(Ottawa) Eric Duncan, le premier député conservateur ouvertement homosexuel, découvre les deux côtés du Parlement.

D’un côté, le visage ouvert de la Chambre des communes, celui qui lui permet d’évoquer un problème comme le délai imposé aux hommes ayant des relations sexuelles avec un autre homme pour donner du sang.

De l’autre, la trop forte partisanerie politique, celle qui empêche toute collaboration et peut même empêcher ultimement l’adoption d’un projet de loi important comme celui visant à interdire les thérapies de conversion.

Élu pour la première fois en 2019, le député de Stormont—Dundas—South Glengarry a poussé le gouvernement libéral à tenter de respecter un engagement électoral visant à mettre fin à la période d’attente des hommes ayant des rapports sexuels avec d’autres hommes pour les dons sanguins.

Selon lui, le fait qu’il ait pu amener une lueur sur ce sujet démontre que le Parlement peut fonctionner.

« Cela montre à quel point le Parlement est toujours utile si un homme d’une petite ville de l’est de l’Ontario rural peut se lever et placer sous le radar national un tel problème », souligne M. Duncan.

L’interdiction aux homosexuels de faire un don de sang ou de plasma a été mise en œuvre en 1992, dans la foulée du scandale de sang contaminé au Canada où des milliers de Canadiens ont été infectés par le virus du sida (VIH) ou par l’hépatite C après une transfusion sanguine ou avoir reçu des produits sanguins.

Les normes ont été assouplies au fil des ans pour réduire la période d’abstinence requise aux donneurs de sang homosexuels.

M. Duncan n’est pas le premier élu à réclamer la levée de cette mesure, mais il l’a fait de manière très personnelle en novembre.

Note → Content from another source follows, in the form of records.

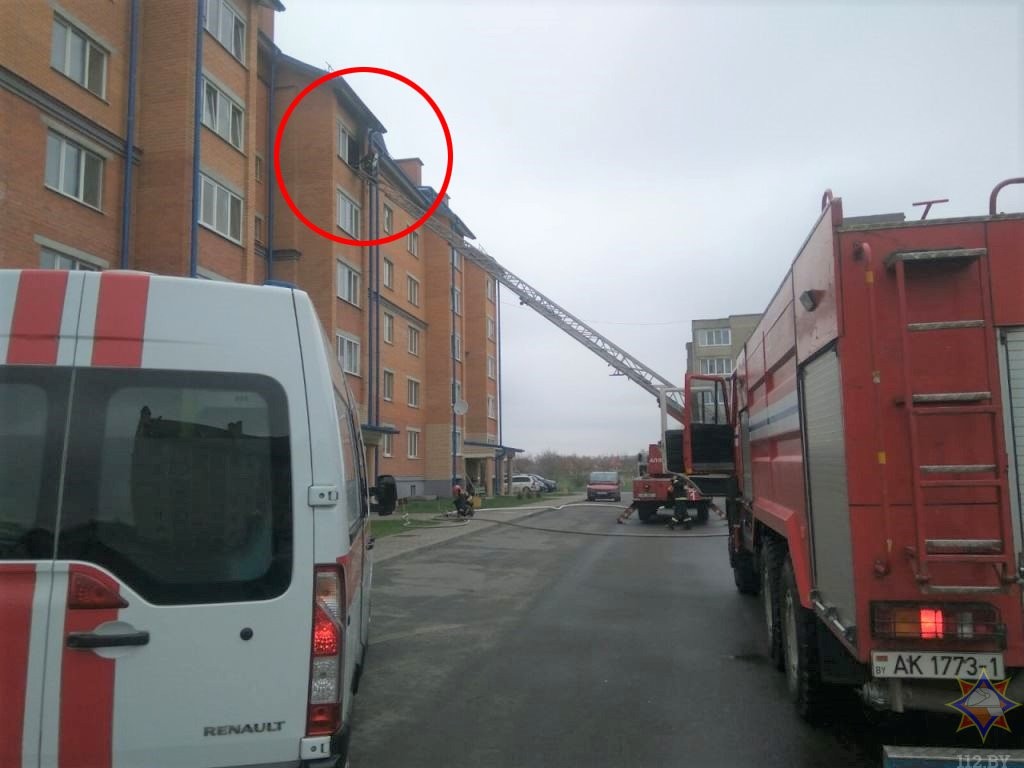 Восьмилетнего ребенка спасли при пожаре в Березе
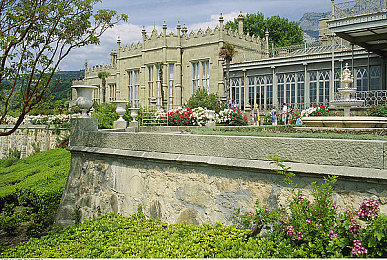 女生没穿衣服的 软件：霓虹衣橱引领虚拟时尚，创意编辑器开启个性冒险之旅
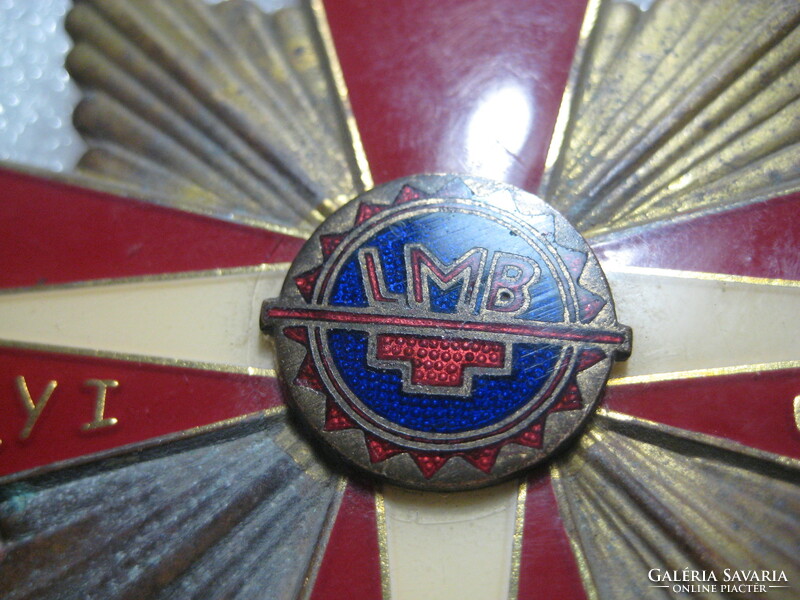 Award, material, brass fire enamel, 8.5 x 8.5 cm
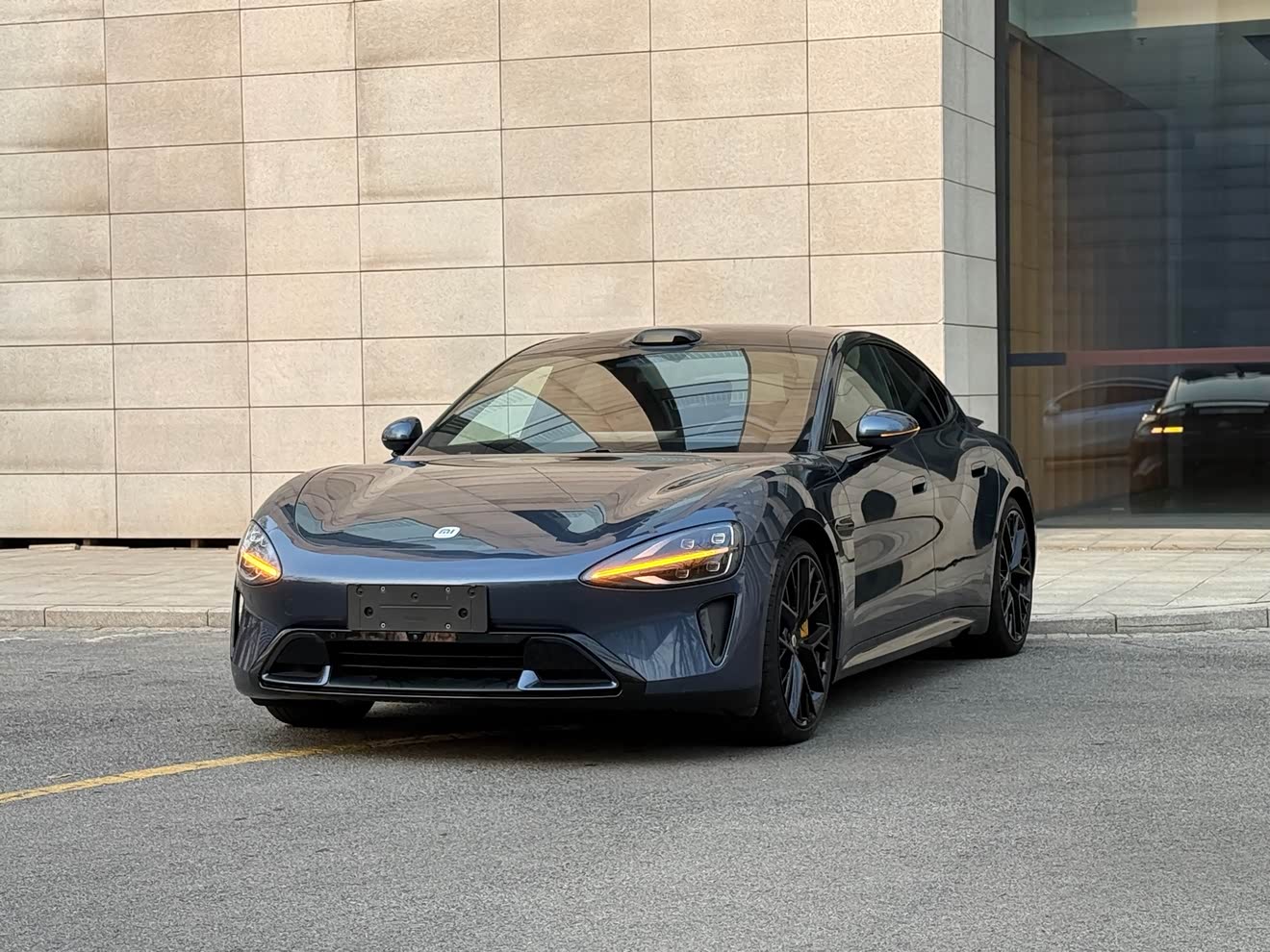 MI SU7 2024 car image 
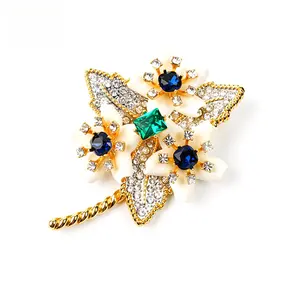 Middle Aged Handmade Flower Inlaid with Intricate Multi-layered  Elegant Temperament Brooch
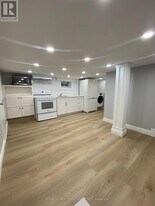 8 Cliff St in Toronto, ON - Building Photo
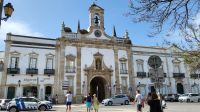 Singlereise Algarve / Portugal - Rundgang in Faro mit Stadttor &ndash; &copy; Franziska Bergmann (Eberhardt TRAVEL)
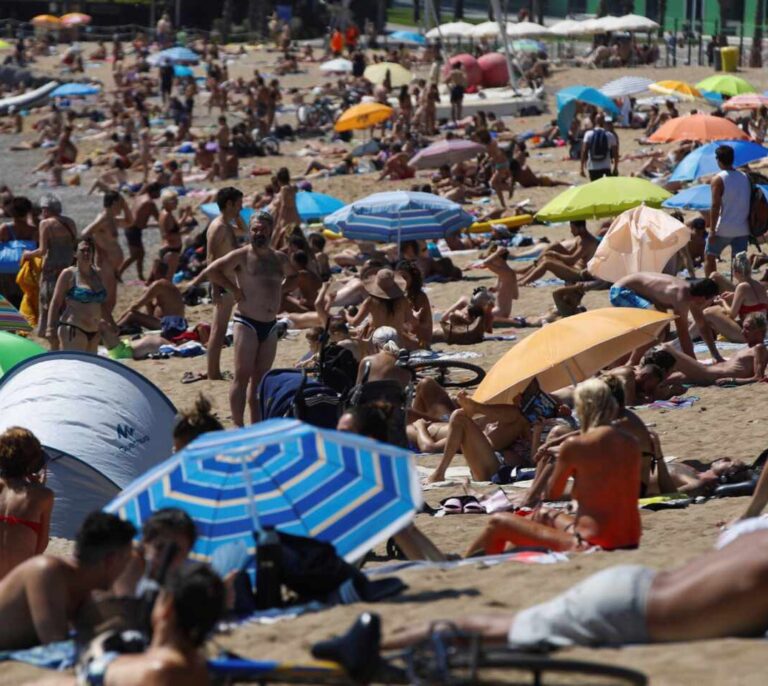Barcelona vuelve a cerrar tres playas este domingo por exceso de bañistas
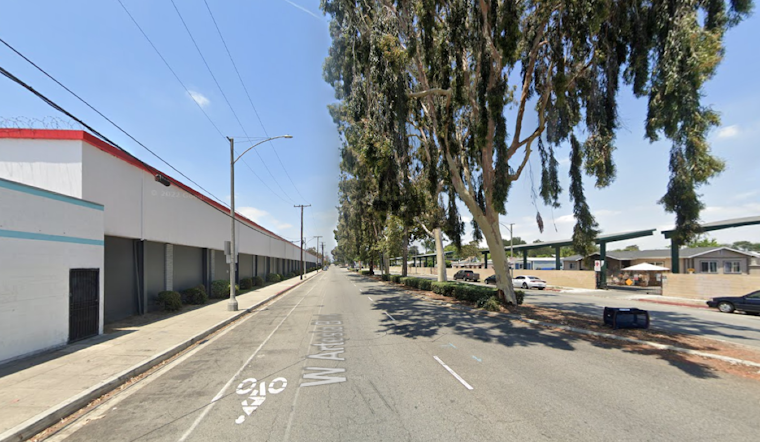Man Critically Wounded in Stabbing on Long Beach Street, Police Seek Suspect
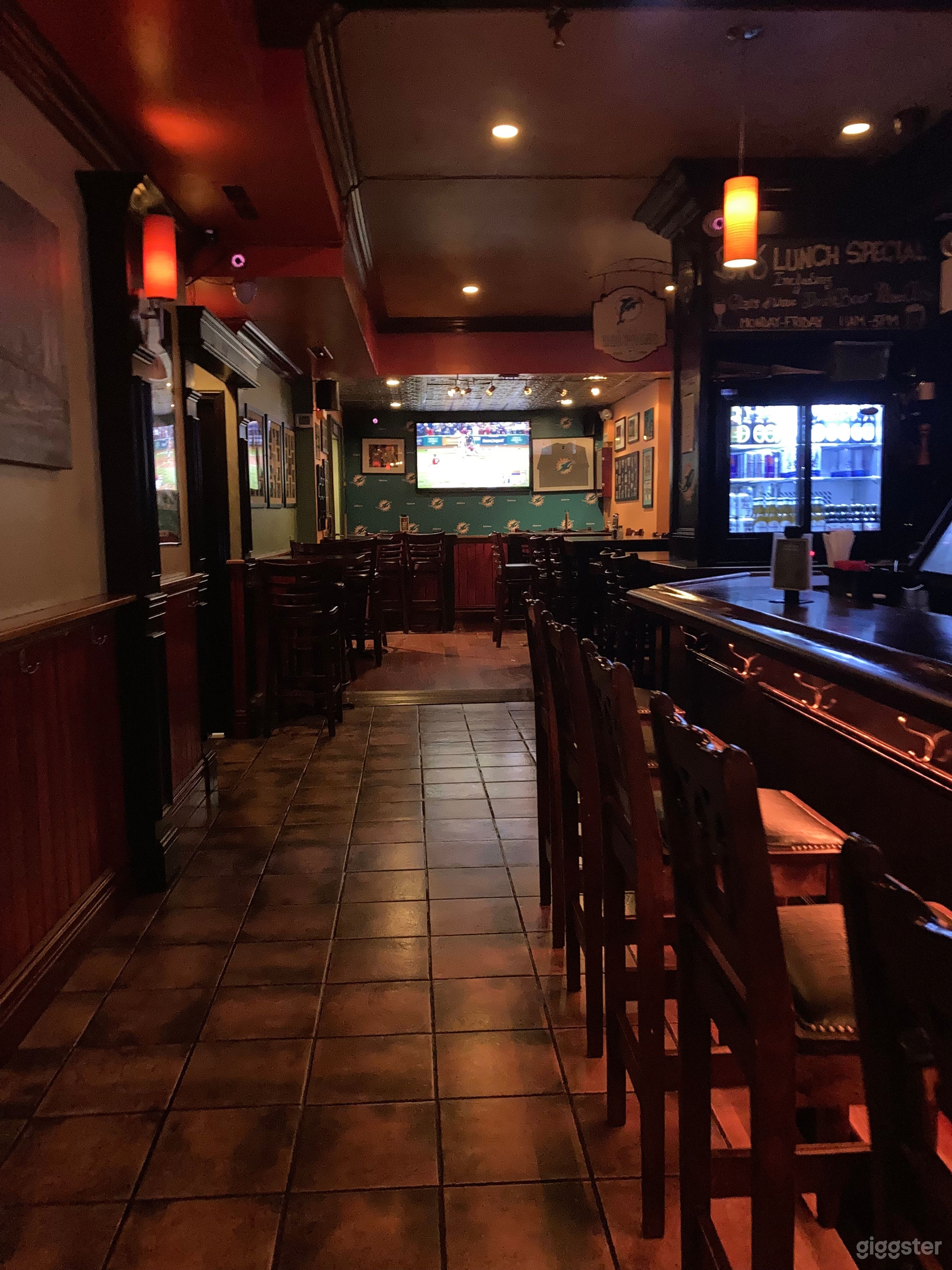 Downstairs backroom  in New York Photo 3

Au cours d’une réunion de comité, il a demandé plusieurs fois à la ministre de la Santé Patty Hajdu si elle accepterait son sang.

PHOTO ADRIAN WYLD, ARCHIVES LA PRESSE CANADIENNE

La ministre de la Santé, Patty Hajdu

La ministre a convenu que cette politique était discriminatoire, mais s’en est lavé les mains, disant que cela dépendait de deux organismes indépendants, La Société canadienne du sang et Héma-Québec.

M. Duncan dit que quelques députés libéraux l’ont remercié d’avoir soulevé la question.

Pouvoir partager une histoire, partager son expérience et apporter du changement, c’est la raison pour laquelle nous sommes tous ici, mentionne le jeune député. Je suis plus qu’un homosexuel, mais c’est une partie importante de moi-même.

Eric Duncan

Il en donne le mérite à la porte-parole du parti en matière de santé, Michelle Rempel Garner.

« J’ai demandé à Eric s’il était prêt à pousser la ministre là-dessus. Je lui ai dit que je savais que le sujet le passionnait, raconte Mme Rempel Garner. Je lui ai suggéré de lui demander si elle accepterait son sang. Il a eu l’air tout étonné. »

Thérapies de conversion

Les choses ne se sont pas aussi bien passées au sujet du projet de loi C-6 visant à interdire les thérapies de conversion, qui a grandement divisé le caucus conservateur.

Celui-ci a finalement été adopté à la Chambre des communes, malgré l’opposition exprimée par 62 élus conservateurs. La plupart d’entre eux viennent de l’Ouest canadien, bastion du conservatisme social au pays.

Certains de ces opposants disent dénoncer les thérapies de conversion, mais la pratique était définie de façon trop large dans le projet de loi.

M. Duncan, lui, a appuyé le C-6. Il dit que certains collègues l’ont interrogé à ce sujet. Selon lui, « un travail de bon sens », notamment des amendements, aurait pu aider à combler le fossé.

« Il y avait une occasion pour le bon côté du Parlement de se manifester », regrette-t-il.

Toutefois, le C-6 pourrait mourir au feuilleton. Le Sénat, qui doit l’examiner à son tour, a été ajourné pour l’été, et le Parlement pourrait être dissous pour le déclenchement de nouvelles élections.

Si les libéraux blâment les conservateurs pour ce retard, le sénateur « bleu » Léo Housakos rétorque que le gouvernement de Justin Trudeau a eu six ans pour faire adopter une telle interdiction. Il dit qu’il faut bien prendre le temps d’examiner un projet de loi qui modifie le Code criminel.

Le représentant du gouvernement au Sénat, Marc Gold, a adressé une lettre adressée aux autres leaders de la Chambre haute pour proposer de se réunir cet été pour faire avancer le projet de loi.